Lucius menilai janggal usulan tersebut. Dia menyatakan, proyek pengadaan e-KTP memang melibatkan pemerintah, tetapi dalam hal anggaran justru diduga anggota DPR terlibat.
"Lalu bagaimana DPR nanti akan memeriksa mereka sendiri," kata Lucius.
(Baca juga: Fahri Hamzah: Jokowi Kaget Dengar Keterangan Saya soal E-KTP)
Ia menambahkan, hak angket memang bisa digunakan untuk menyelidiki kebijakan pemerintah yang diduga merugikan kepentingan publik.
Kasus e-KTP juga termasuk yang merugikan publik. Karena itu DPR bisa membentuknya kapan saja.
"Pertanyaannya kenapa baru sekarang inisiatif hak angket dimunculkan dan itu bersamaan dengan proses hukum di KPK. Ke mana DPR sebelum kasus ini mulai ramai dibicarakan sejak 2011 silam," kata dia.
Karena itu, sosialisasi revisi UU KPK dan usulan hak angket terkait e-KTP patut diduga sebagai intervensi DPR terhadap proses hukum yang tengah berlangsung di KPK, yang notabenenya banyak anggota DPR yang diduga terlibat.
"Ini semua bisa dibaca sebagai strategi intervensi DPR terhadap proses penegakan hukum. Usulan Fahri bisa dianggap Sebagai teror bagi KPK agar DPR terbebas dari sasaran KPK dalam mengungkap pelaku korupsi e-KTP," ucap Lucius.

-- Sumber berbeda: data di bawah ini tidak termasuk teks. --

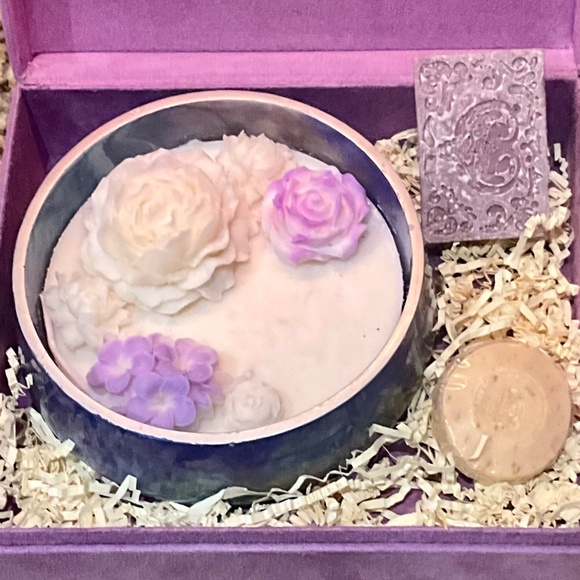 Flowers & Flame Lavender/Vanilla/Rose 3 Wick Soy Candle & 2 Soaps - Picture 2 of 9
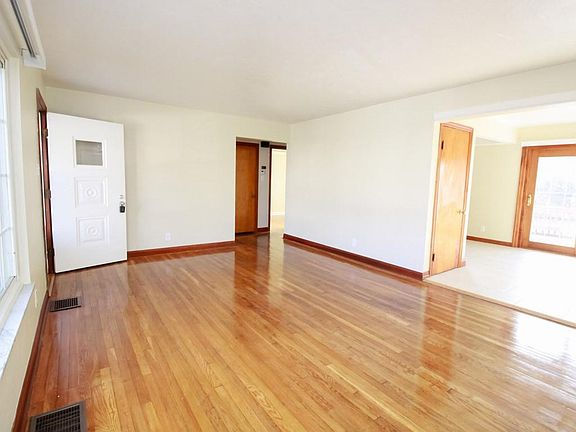 3rd image of 120 W Melford Ave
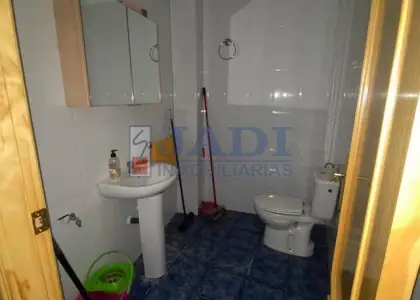 venta de local en Valdepeñas, CENTRO en Valdepeñas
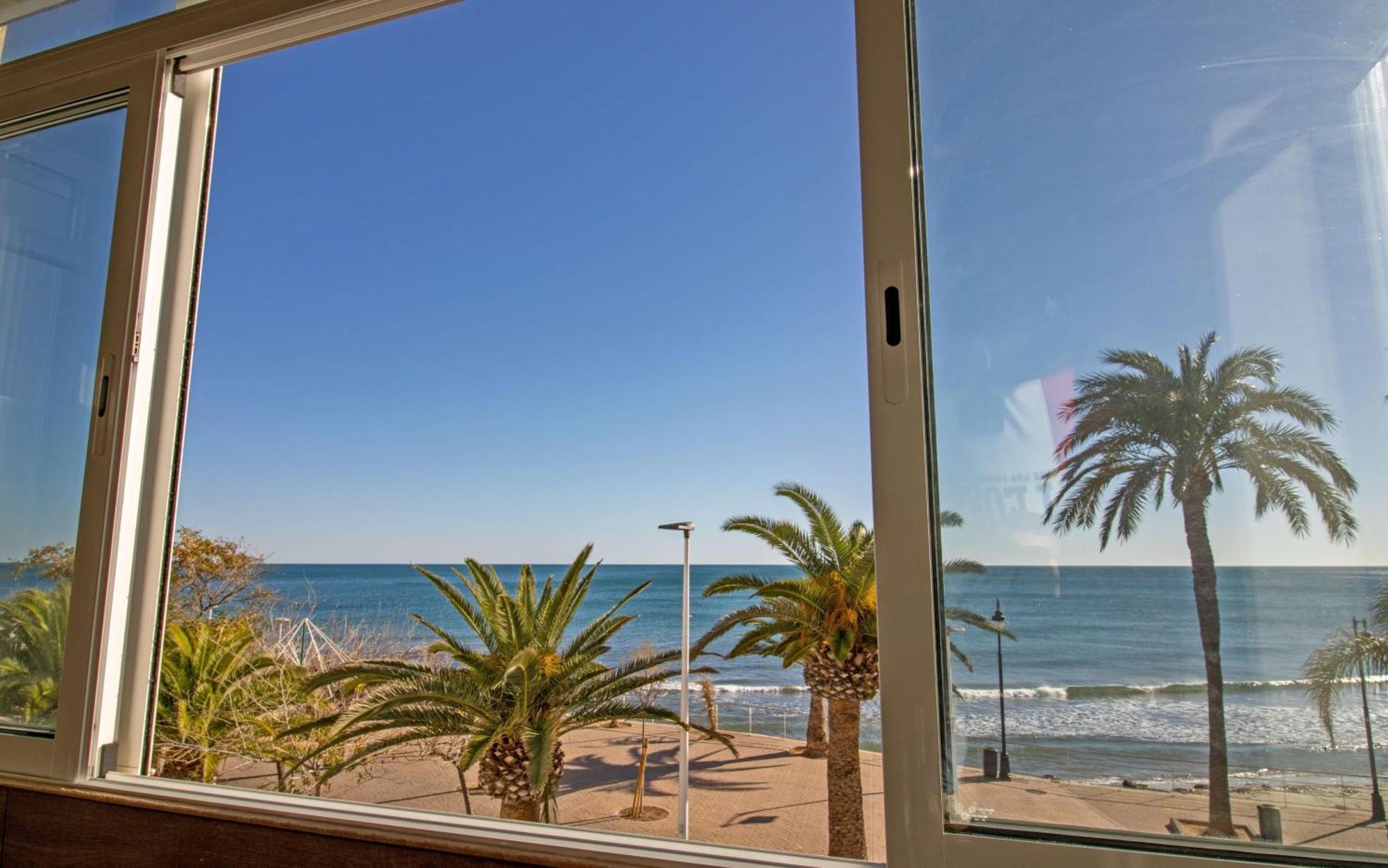 Alcossebre Luxury Beach House - Primera Linea Playa Cargador Albert Villas מראה חיצוני תמונה
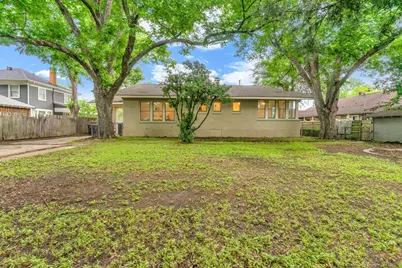 225 Featherston Street, Cleburne, TX 76033 - Photo 33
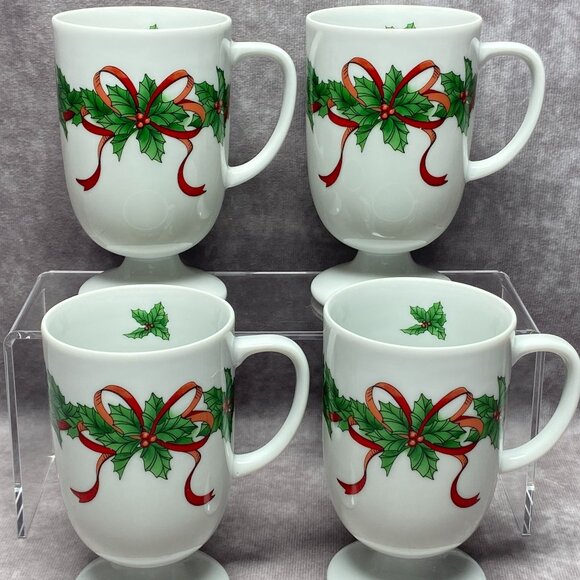 4 Vintage Footed Christmas Mugs Berries & Bows Pattern Cups by Wicks N' Sticks - Picture 2 of 9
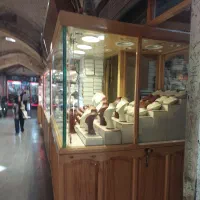 مغازه در بازار قیصریه راسته طلافروشان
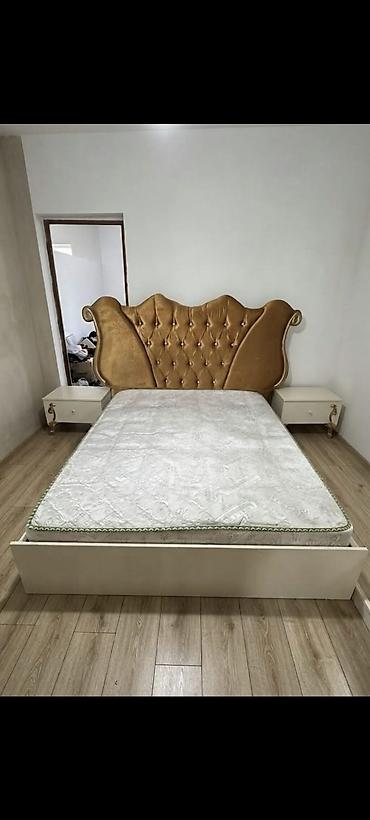 💫RR
Taxt 2 tumbayla 230 manat .Catdirilma odenisle.Unvan Bakixanov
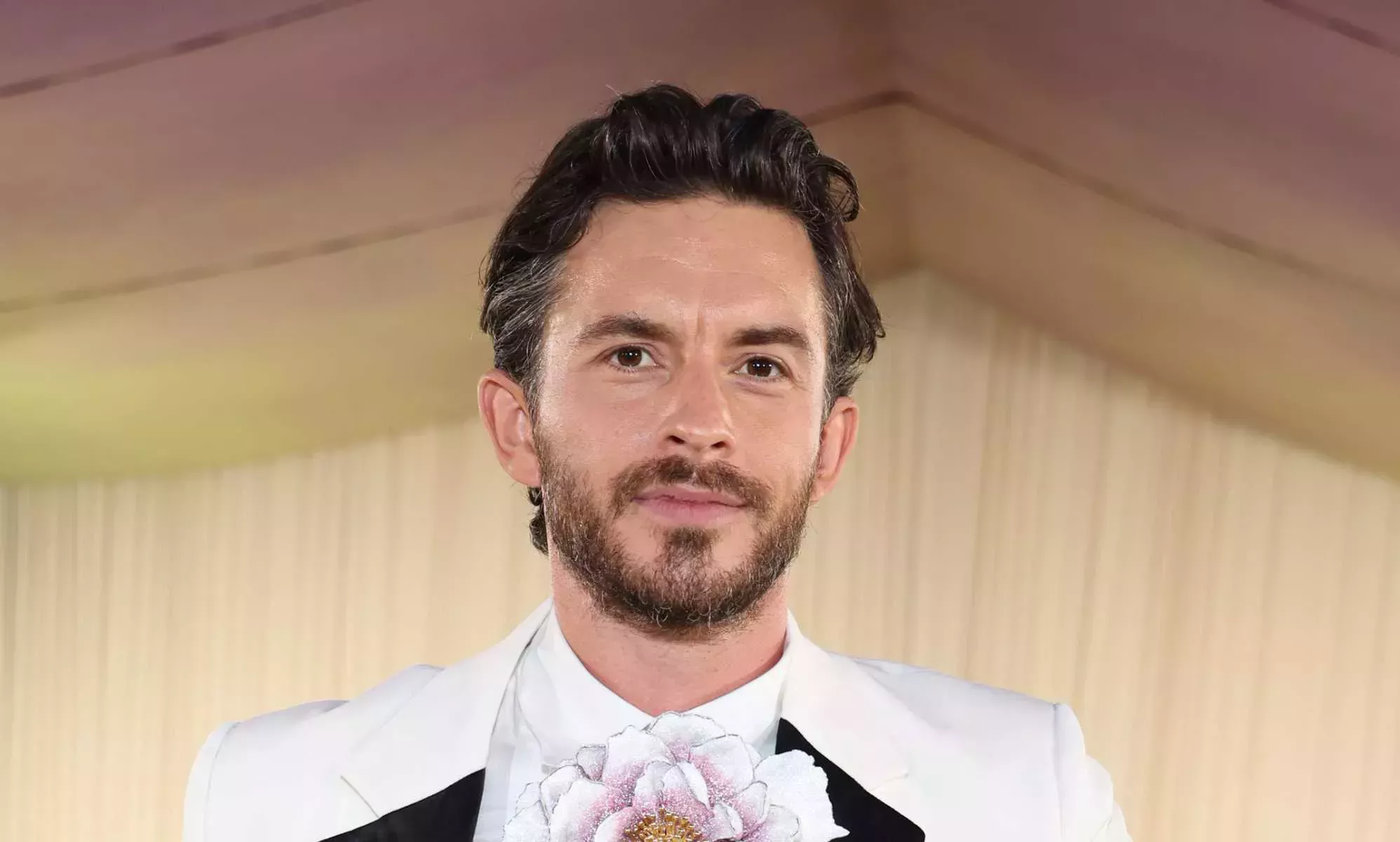 Jonathan Bailey explica cómo consiguió el papel en la tercera temporada de Heartstopper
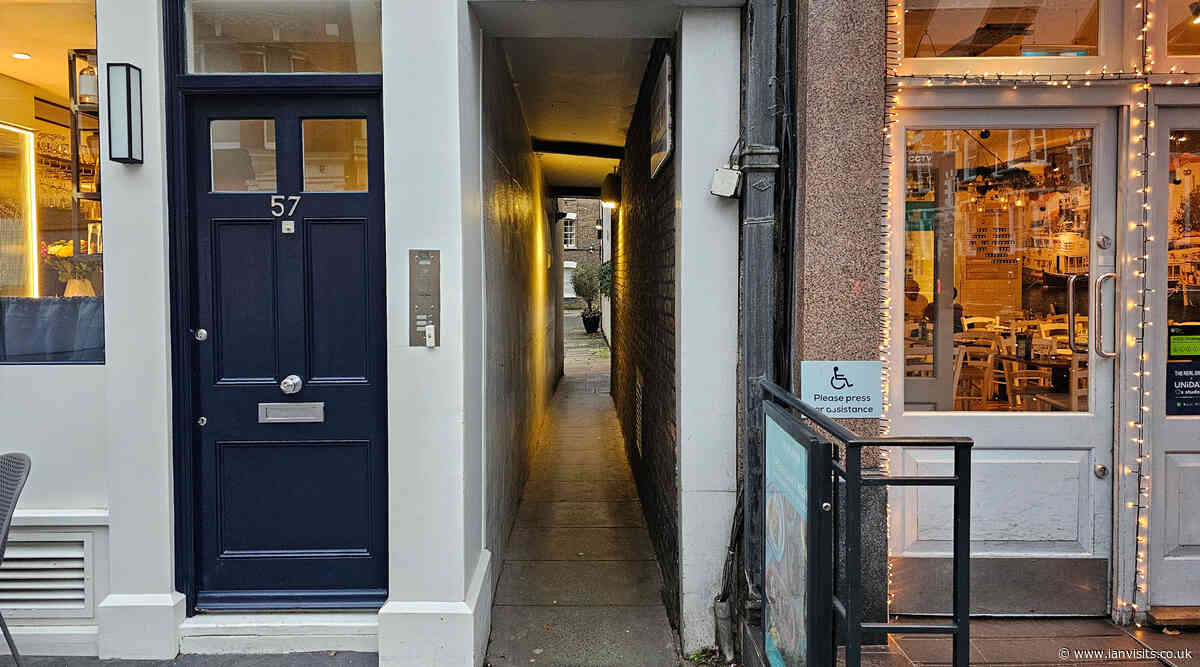 London’s Alleys: Grotto Passage, W1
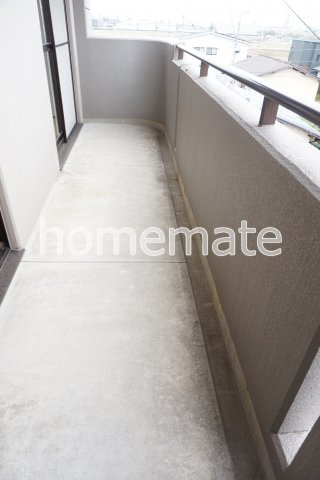 熊本市南区近見４丁目の賃貸マンションのバルコニー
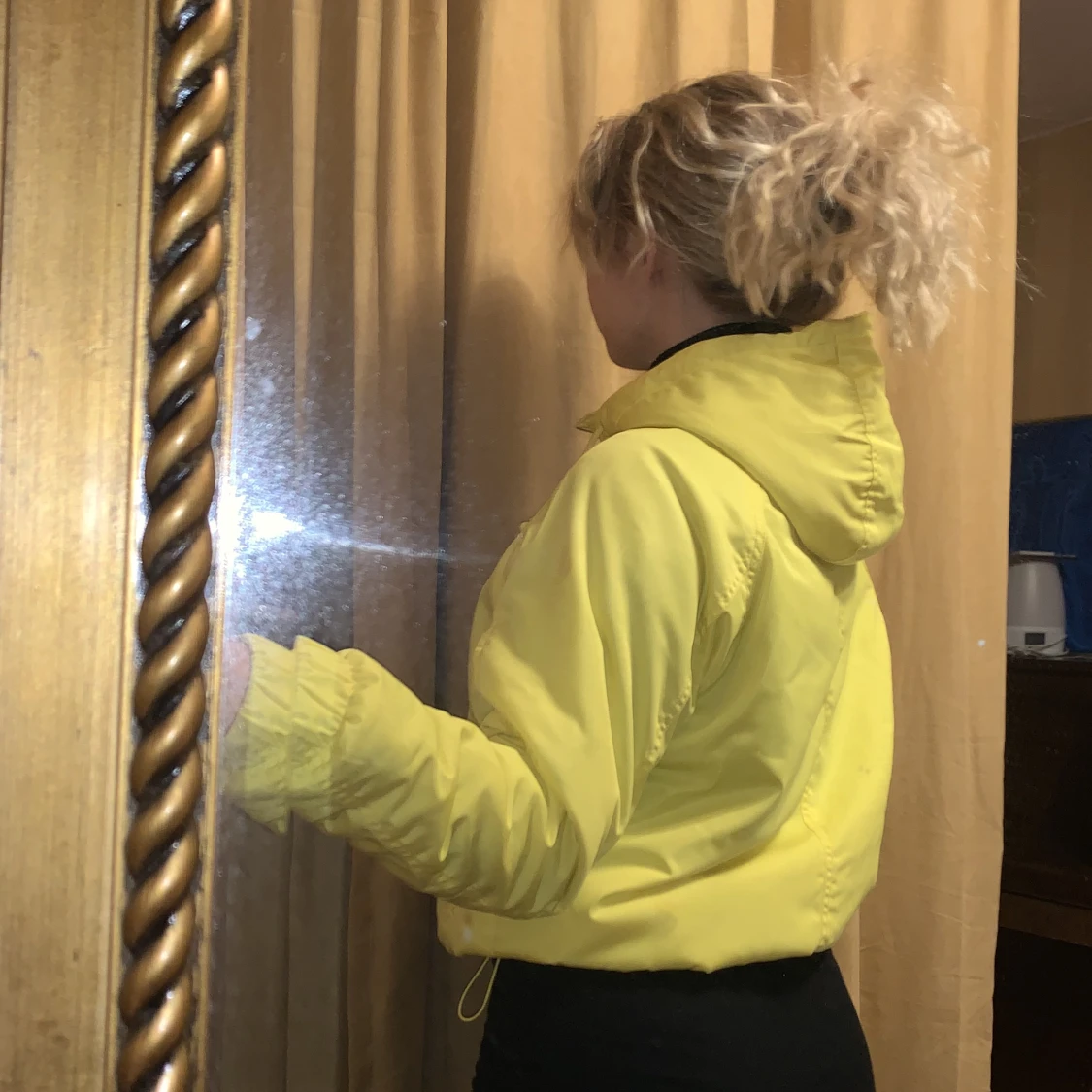 Gul jacka höst/vår/ svala sommarkvällar - 91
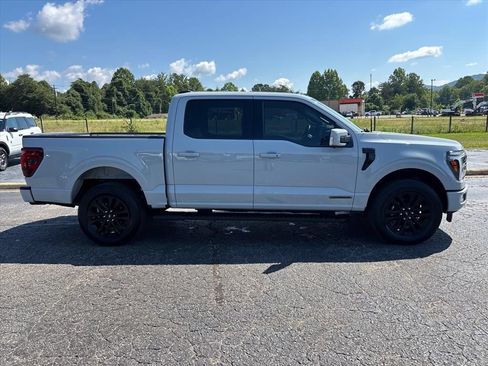 Used 2024 Ford F150 Lariat w/ Equipment Group 502A High AWD/4WD image 9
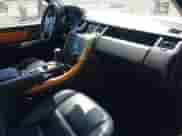 2009 Land Rover Range Rover Sport HSE с VIN SALSK25459A198438, выставлен на аукционе IAAI как лот 43204601 с пробегом 93 622 миль миль и . История ставок и продаж доступна на DreamBid. Изображение 5.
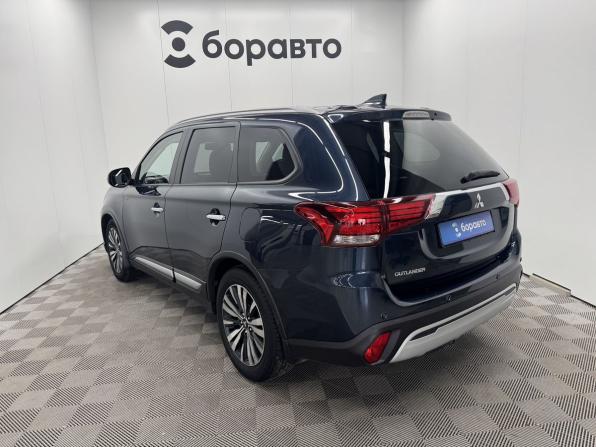 Mitsubishi Outlander III Рестайлинг 3 с пробегом 2021 года, цена 2 390 000 рублей, 97808 км, внедорожник, Автокод Объявления
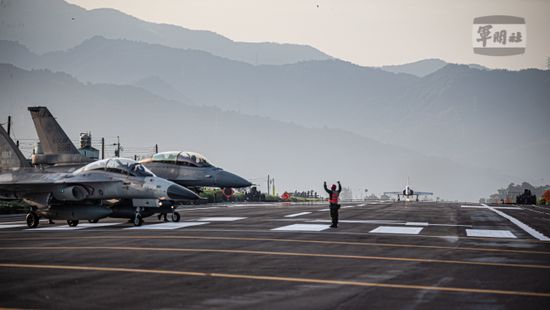 Tajvan új, korszerű F–16-os vadászbombázókat állított hadrendbe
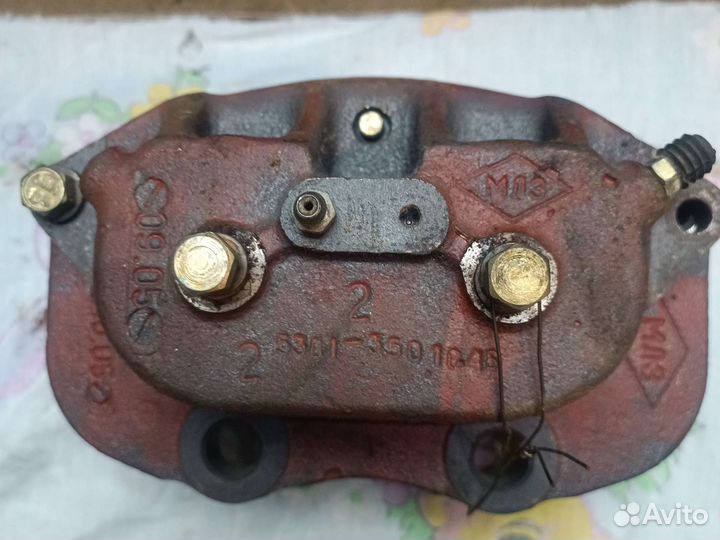 ЗИЛ 5301 суппорт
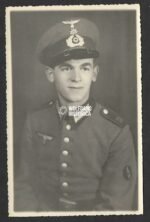Studioportrait Waffenrock Gebirgsjäger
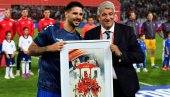 VREDNO PRIZNANJE: Aleksandar Mitrović pred meč sa Engleskom dobio specijalnu medalju VREDNO PRIZNANJE: Aleksandar Mitrović pred meč sa Engleskom dobio specijalnu medalju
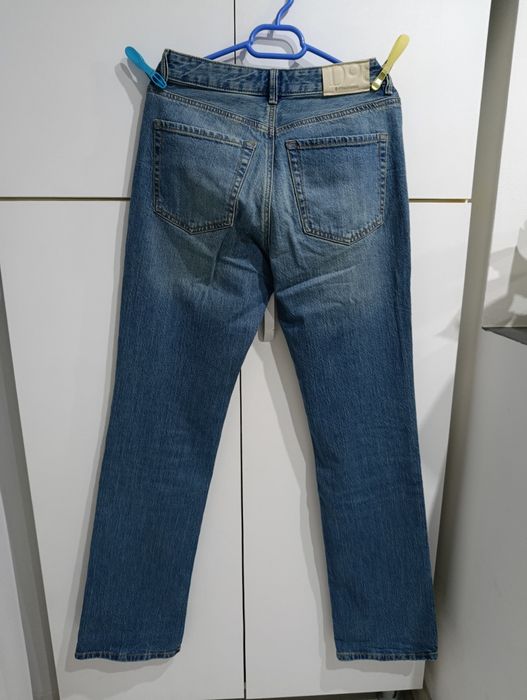 Vând blugi Stradivarius – mărimea 36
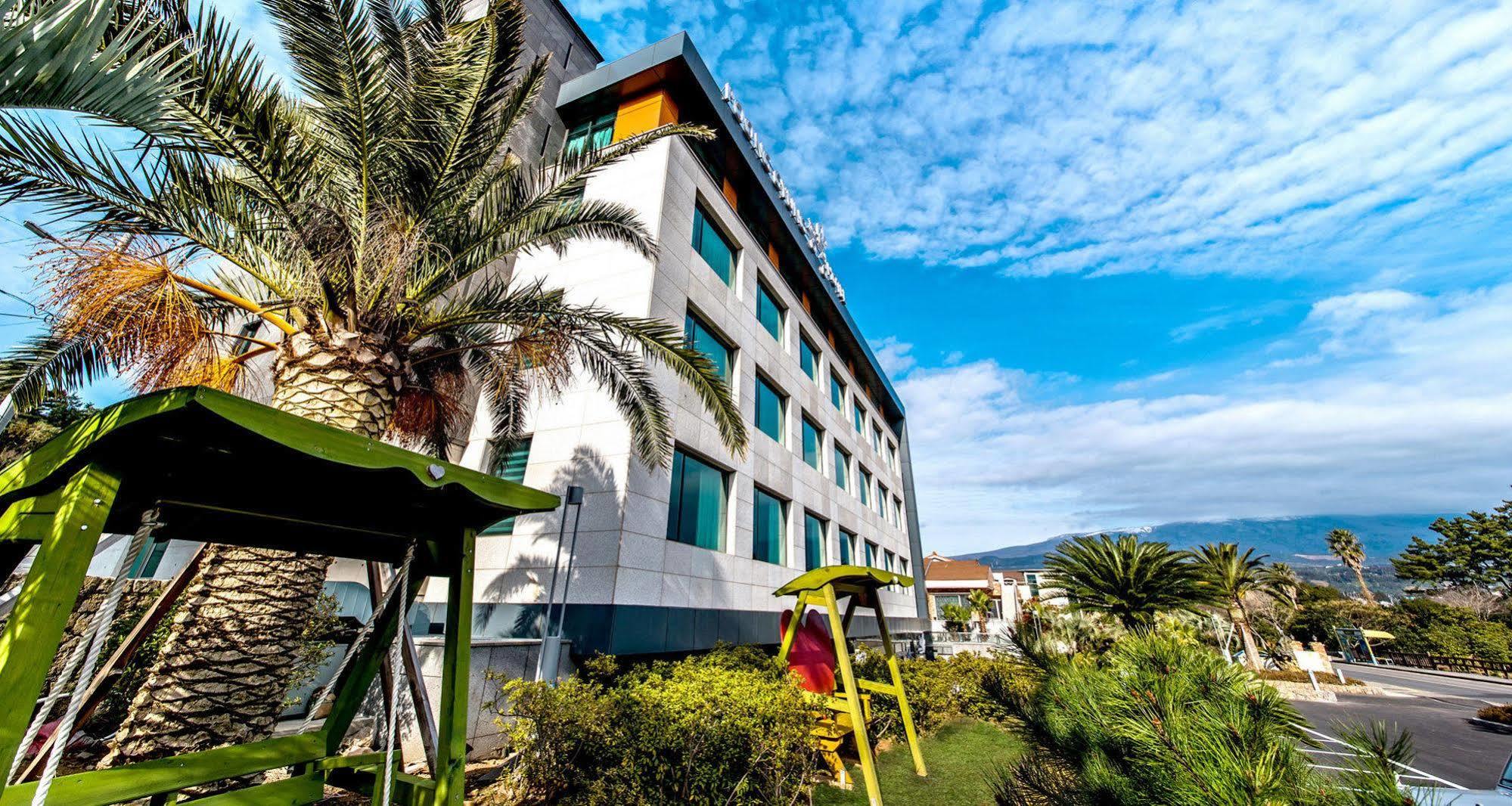 Jeju Poong Gyung Hotel Seogwipo Exterior foto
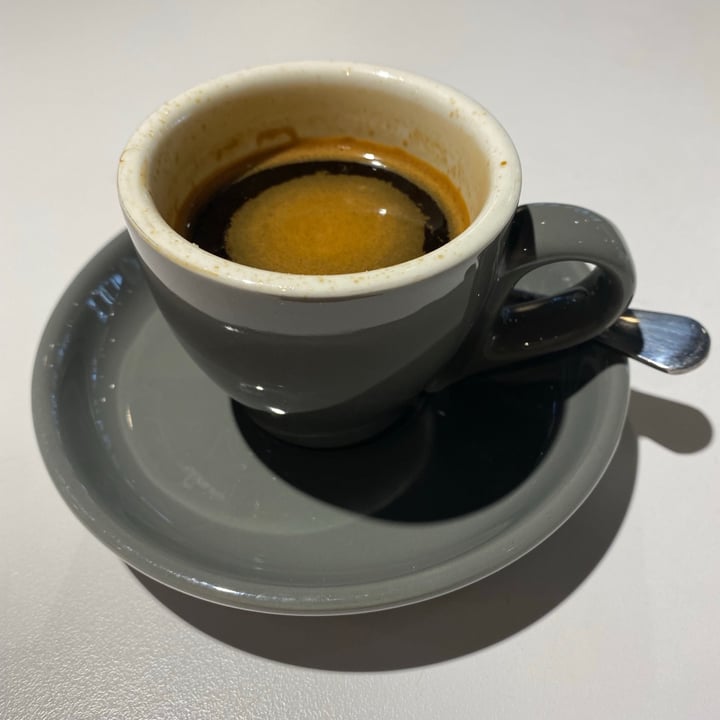 Woolworths CAFE Woodhill, Pretoria, South Africa Double Espresso Review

Hal senada disampaikan Kepala Divisi Hukum dan Monitoring Peradilan Indonesia Corruption Watch (ICW) Lola Ester. Lola mengatakan, nama-nama pejabat yang diduga menerima aliran dana dalam proyek e-KTP adalah orang-orang yang masih berkuasa.
Sejumlah nama besar yang disebut menerima uang dalam surat dakwaan kasus e-KTP merupakan politisi dan anggota DPR. Hal ini masih memungkinkan penggunaan kekuasaan untuk melemahkan KPK dengan cara merevisi UU KPK oleh DPR.